_Task brief_: Leave every picture out, and write out the remaining entries exactly.

_Captioned web images_:
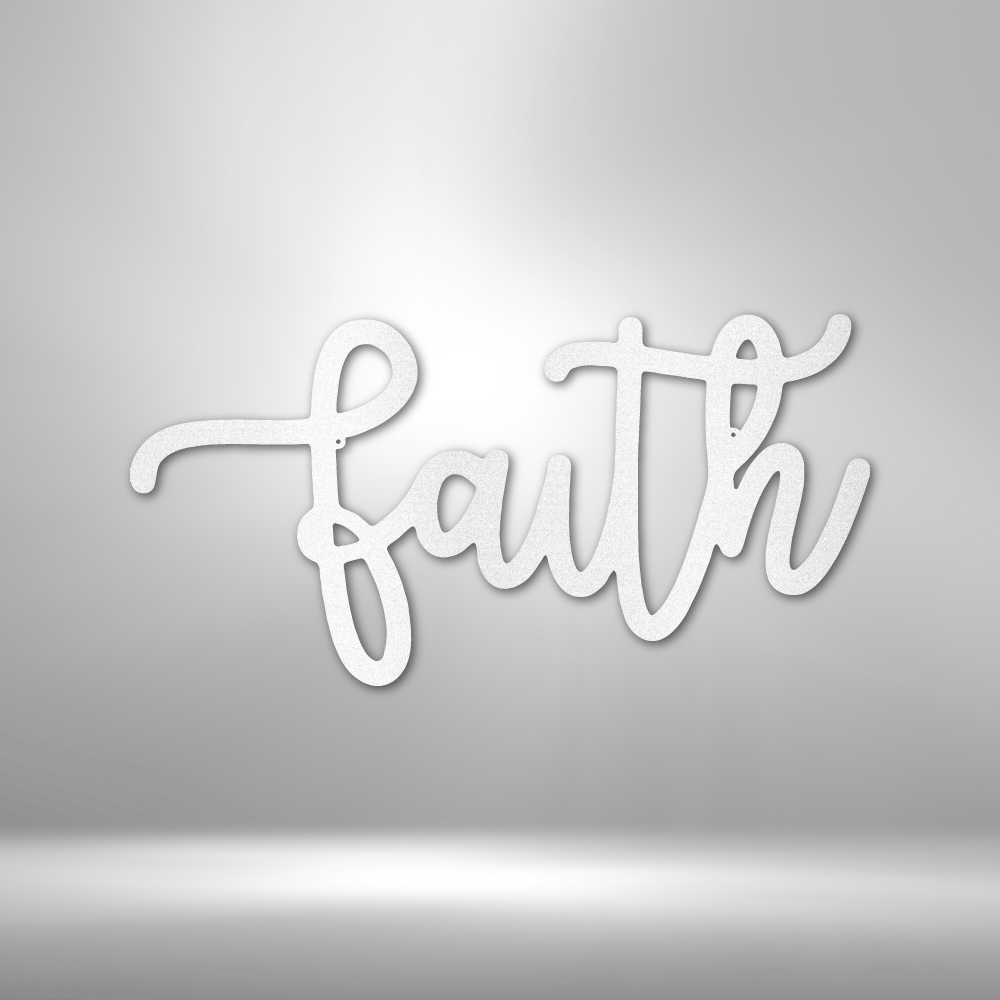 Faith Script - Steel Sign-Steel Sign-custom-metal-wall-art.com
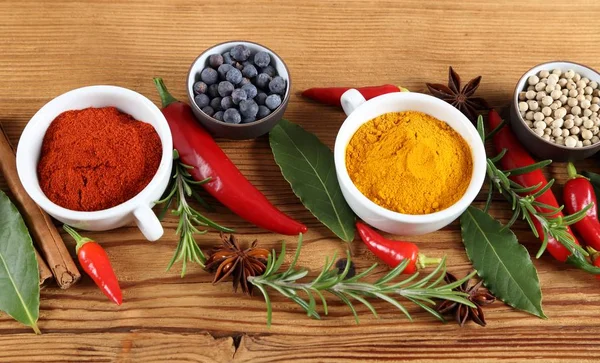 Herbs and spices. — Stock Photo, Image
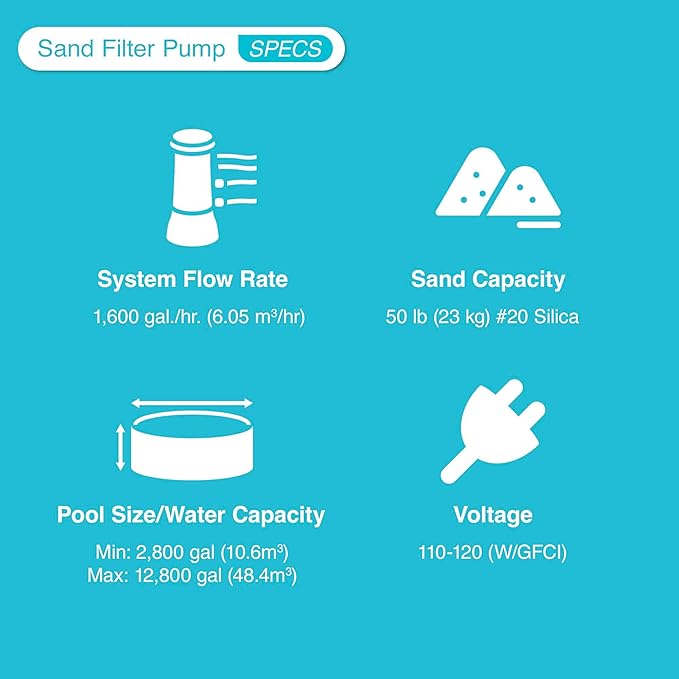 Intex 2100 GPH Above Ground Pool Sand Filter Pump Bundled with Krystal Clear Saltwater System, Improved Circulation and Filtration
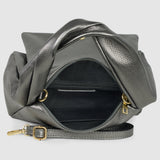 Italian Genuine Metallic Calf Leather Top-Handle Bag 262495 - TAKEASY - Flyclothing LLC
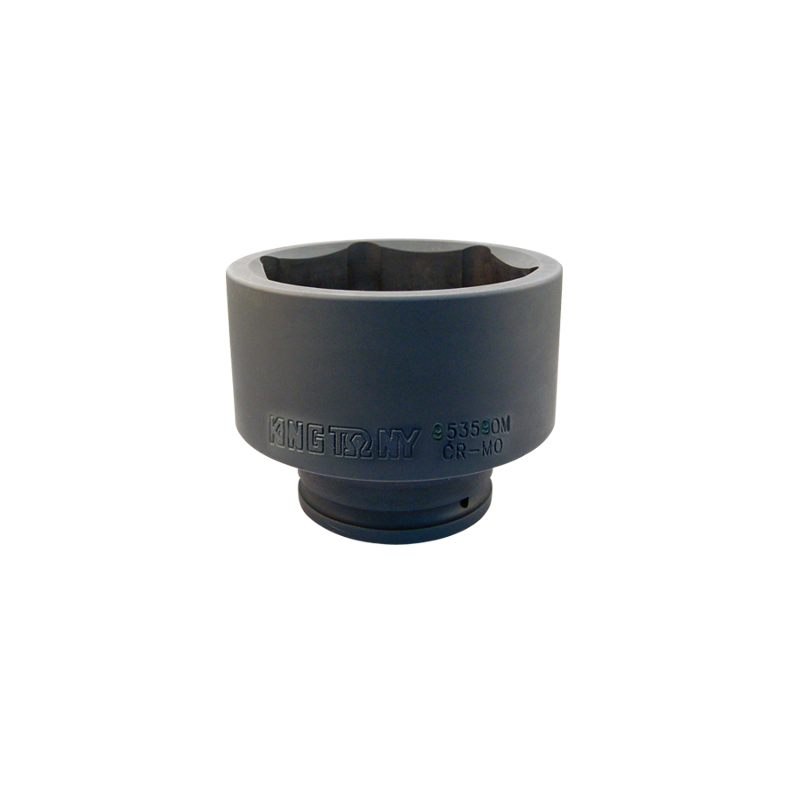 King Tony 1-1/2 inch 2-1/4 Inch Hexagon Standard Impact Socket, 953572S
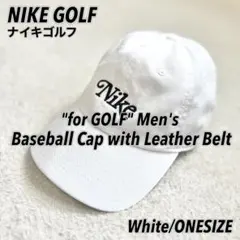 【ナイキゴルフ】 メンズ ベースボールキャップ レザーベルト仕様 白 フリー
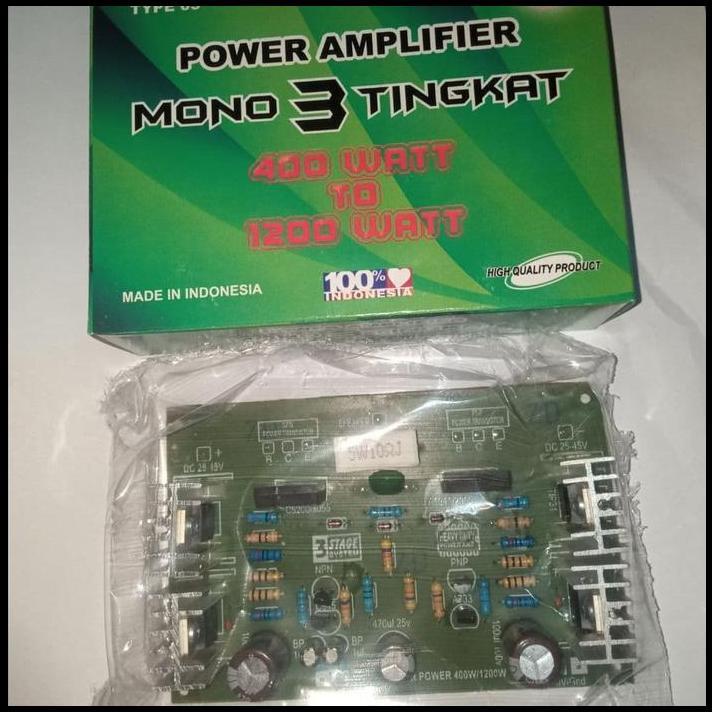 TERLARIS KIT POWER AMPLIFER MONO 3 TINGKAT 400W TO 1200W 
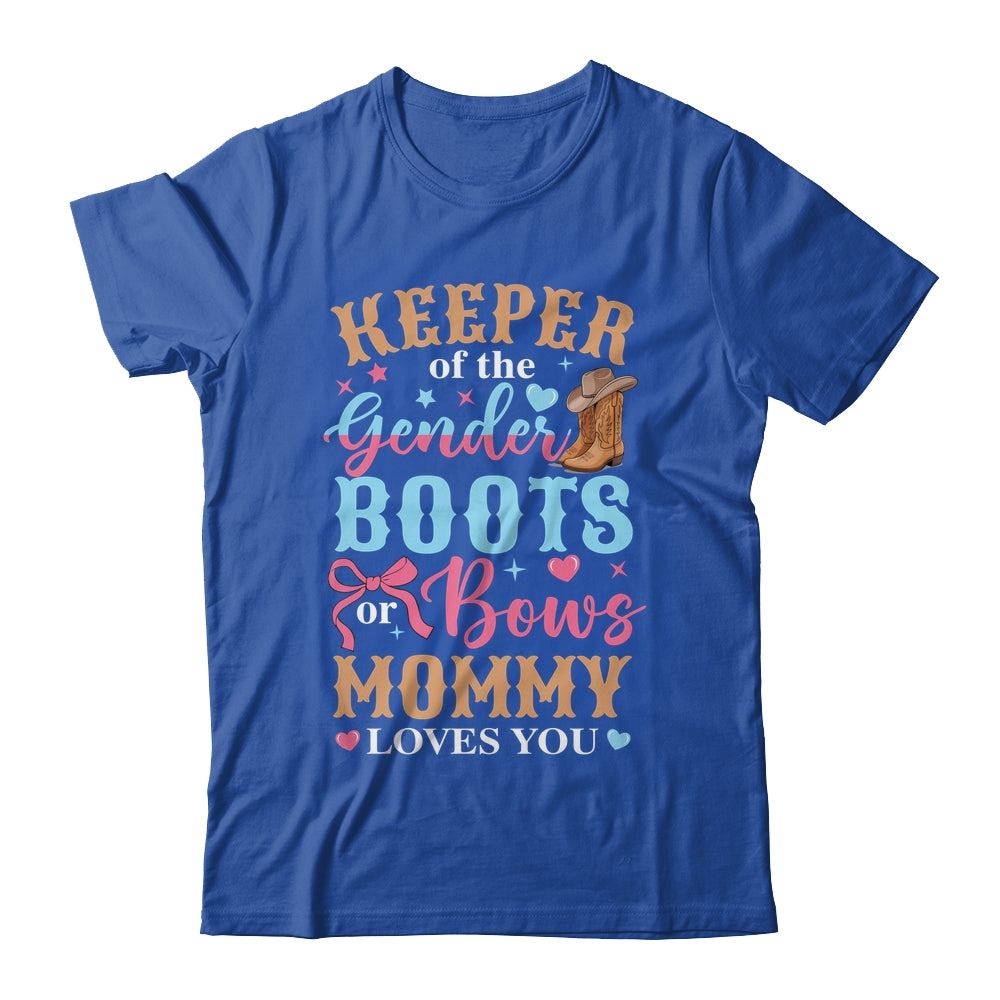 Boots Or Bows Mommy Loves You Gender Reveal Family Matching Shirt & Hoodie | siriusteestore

_Expected output_:
 Faith Script - Steel Sign-Steel Sign-custom-metal-wall-art.com
 Herbs and spices. — Stock Photo, Image
 Intex 2100 GPH Above Ground Pool Sand Filter Pump Bundled with Krystal Clear Saltwater System, Improved Circulation and Filtration
 Italian Genuine Metallic Calf Leather Top-Handle Bag 262495 - TAKEASY - Flyclothing LLC
 King Tony 1-1/2 inch 2-1/4 Inch Hexagon Standard Impact Socket, 953572S
 【ナイキゴルフ】 メンズ ベースボールキャップ レザーベルト仕様 白 フリー
 TERLARIS KIT POWER AMPLIFER MONO 3 TINGKAT 400W TO 1200W 
 Boots Or Bows Mommy Loves You Gender Reveal Family Matching Shirt & Hoodie | siriusteestore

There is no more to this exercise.